Arrêtés et interrogés, les deux hommes expliquent que les relations étaient consenties.

Quelques semaines plus tard, une autre enquête révèle que l'un des accusés est le beau-frère d'un policier affecté à l'unité chargée de l'affaire.

Elle met également au jour que "plusieurs éléments de preuve potentiellement cruciaux", comme les données du portable de l'un des accusés ou des images de vidéosurveillance du bar, "disparurent ou furent altérés alors qu’ils se trouvaient sous la garde de la police".

En 2018, le parquet renonce à poursuivre les suspects, arguant n'avoir "pas suffisamment d’éléments pour établir que des relations sexuelles non consenties avaient eu lieu".

Un jugement accablant de l'enquête

Une autre procédure ouverte sur d’éventuelles fautes et falsifications des preuves conclut en 2021, encore une fois, que les éléments recueillis ne permettent pas de prouver que "les suspects avaient administré aux requérantes des substances incapacitantes ou qu’ils savaient qu’elles étaient inconscientes pendant les relations sexuelles".

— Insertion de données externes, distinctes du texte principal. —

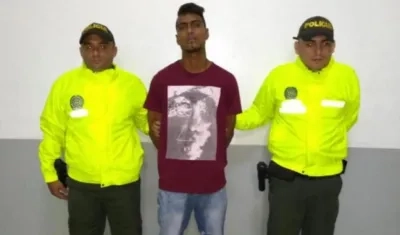 Deibinson Enrique Guette Hernández, alias ‘Makuto’, cuando fue capturado en enero del 2019.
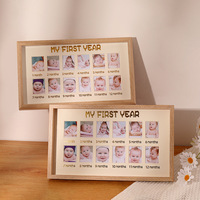 Cadres photo commémoratifs pour la première année de croissance des bébés, vente en gros par le fabricant, plateformes pour enregistrer les photos des enfants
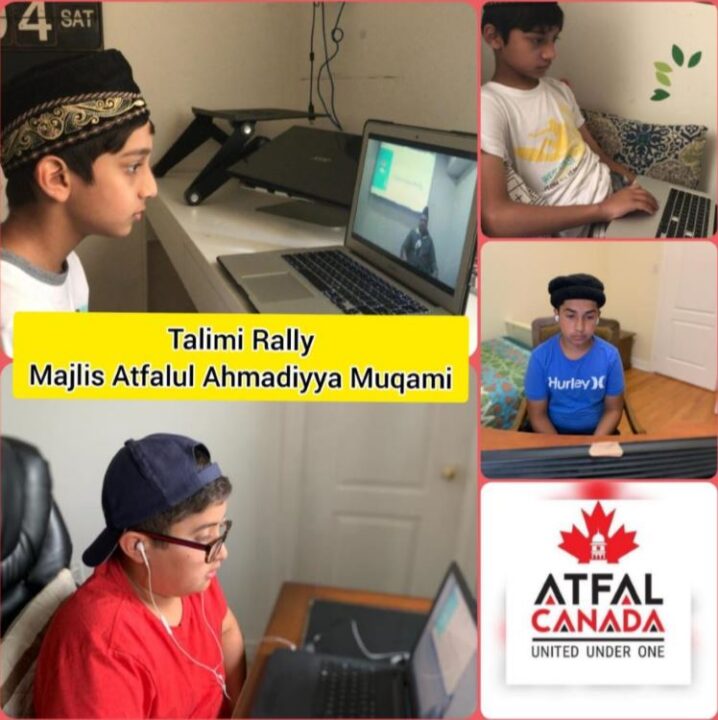 First virtual Talim Rally for Muqami, Canada Atfal 3 2 5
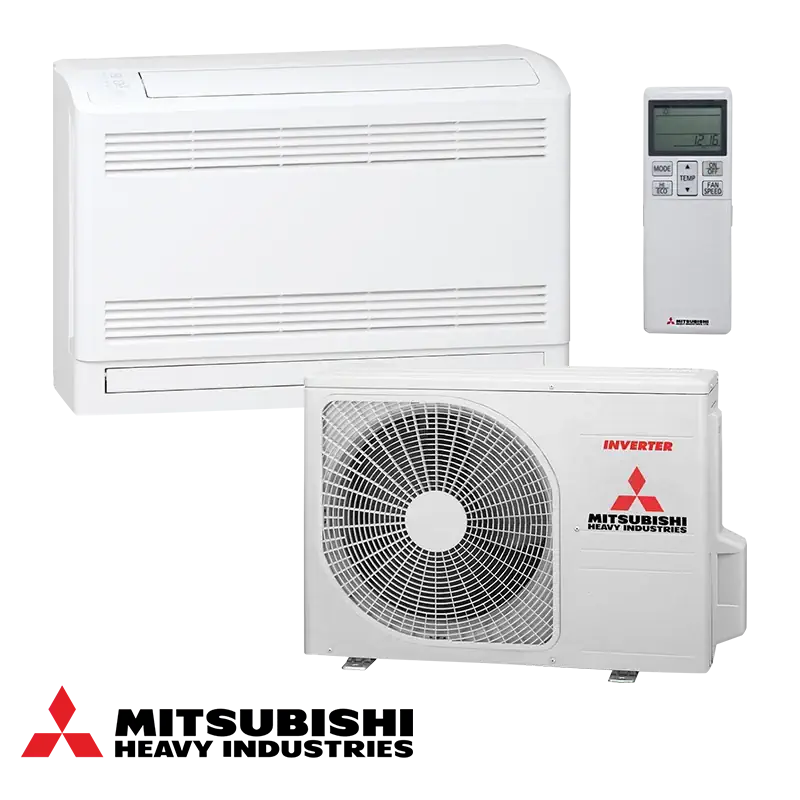Подов климатик Mitsubishi Heavy SRF35ZS-W 12000 BTU Инверторен подов климатик Mitsubishi Heavy SRF35ZS-W + SRC35ZS-W 12000 BTU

Les deux plaignantes font appel, mais n'obtiennent pas gain de cause.

Saisie en novembre 2023, la CEDH dresse dans son arrêt un jugement accablant de l'enquête, estimant que "les manquements en matière de conservation des preuves étaient plus que des 'erreurs isolées' ou des omissions d'enquête mineures".

Elle critique aussi le "laps de temps considérable" pour ouvrir des enquêtes "sur d’éventuelles fautes commises par la police".

Elle condamne enfin le fait que ces enquêtes aient été confiées "aux mêmes organes judiciaires et policiers que ceux qui avaient supervisé l’enquête initiale", mettant en avant "les liens familiaux étroits entre l’un des enquêteurs et l’un des suspects".

La CEDH condamne ainsi l'Espagne à verser 20.000 euros à chaque plaignante pour "dommage moral" et 5000 euros conjointement pour frais et dépens.